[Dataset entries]
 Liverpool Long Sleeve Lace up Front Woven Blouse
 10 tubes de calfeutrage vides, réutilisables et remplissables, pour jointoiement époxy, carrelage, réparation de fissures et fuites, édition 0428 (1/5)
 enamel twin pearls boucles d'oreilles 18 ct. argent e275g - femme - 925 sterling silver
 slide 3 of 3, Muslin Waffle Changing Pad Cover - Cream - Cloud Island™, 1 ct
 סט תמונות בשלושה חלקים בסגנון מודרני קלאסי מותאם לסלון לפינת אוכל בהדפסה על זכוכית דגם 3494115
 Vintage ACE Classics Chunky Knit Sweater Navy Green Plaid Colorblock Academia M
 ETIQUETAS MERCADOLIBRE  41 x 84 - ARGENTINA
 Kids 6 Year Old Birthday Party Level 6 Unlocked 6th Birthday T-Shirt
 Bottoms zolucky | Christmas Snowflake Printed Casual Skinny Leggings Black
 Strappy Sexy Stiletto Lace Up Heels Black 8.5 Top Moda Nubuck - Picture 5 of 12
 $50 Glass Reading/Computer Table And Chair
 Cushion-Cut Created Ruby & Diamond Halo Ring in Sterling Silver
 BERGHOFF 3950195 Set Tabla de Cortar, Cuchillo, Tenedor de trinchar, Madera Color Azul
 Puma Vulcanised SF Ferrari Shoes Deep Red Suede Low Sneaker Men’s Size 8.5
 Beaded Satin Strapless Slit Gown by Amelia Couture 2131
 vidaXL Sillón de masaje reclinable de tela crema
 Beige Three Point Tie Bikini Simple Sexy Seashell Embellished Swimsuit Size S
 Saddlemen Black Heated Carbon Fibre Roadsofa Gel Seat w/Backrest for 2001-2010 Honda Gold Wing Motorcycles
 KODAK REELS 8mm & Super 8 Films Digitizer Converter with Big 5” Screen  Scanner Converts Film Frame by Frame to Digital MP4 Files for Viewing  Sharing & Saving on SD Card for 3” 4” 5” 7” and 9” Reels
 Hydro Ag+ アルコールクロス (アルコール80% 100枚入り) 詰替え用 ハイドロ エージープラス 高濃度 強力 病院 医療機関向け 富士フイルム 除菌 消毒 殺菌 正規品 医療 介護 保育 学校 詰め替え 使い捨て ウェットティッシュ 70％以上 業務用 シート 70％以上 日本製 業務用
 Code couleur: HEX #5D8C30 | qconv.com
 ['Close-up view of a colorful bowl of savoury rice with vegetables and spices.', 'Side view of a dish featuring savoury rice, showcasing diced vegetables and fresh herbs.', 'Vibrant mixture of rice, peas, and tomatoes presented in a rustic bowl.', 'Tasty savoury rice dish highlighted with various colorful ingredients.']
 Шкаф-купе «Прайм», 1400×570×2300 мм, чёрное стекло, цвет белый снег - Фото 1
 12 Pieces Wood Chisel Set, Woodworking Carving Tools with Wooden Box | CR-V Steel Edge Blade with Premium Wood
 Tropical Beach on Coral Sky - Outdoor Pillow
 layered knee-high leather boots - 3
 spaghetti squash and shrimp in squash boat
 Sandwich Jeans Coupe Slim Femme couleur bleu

**TO DO:** Please filter the entries above down to the lines holding "Size" and copy them.

**OUTPUT FOR THIS TASK:**
 Puma Vulcanised SF Ferrari Shoes Deep Red Suede Low Sneaker Men’s Size 8.5
 Beige Three Point Tie Bikini Simple Sexy Seashell Embellished Swimsuit Size S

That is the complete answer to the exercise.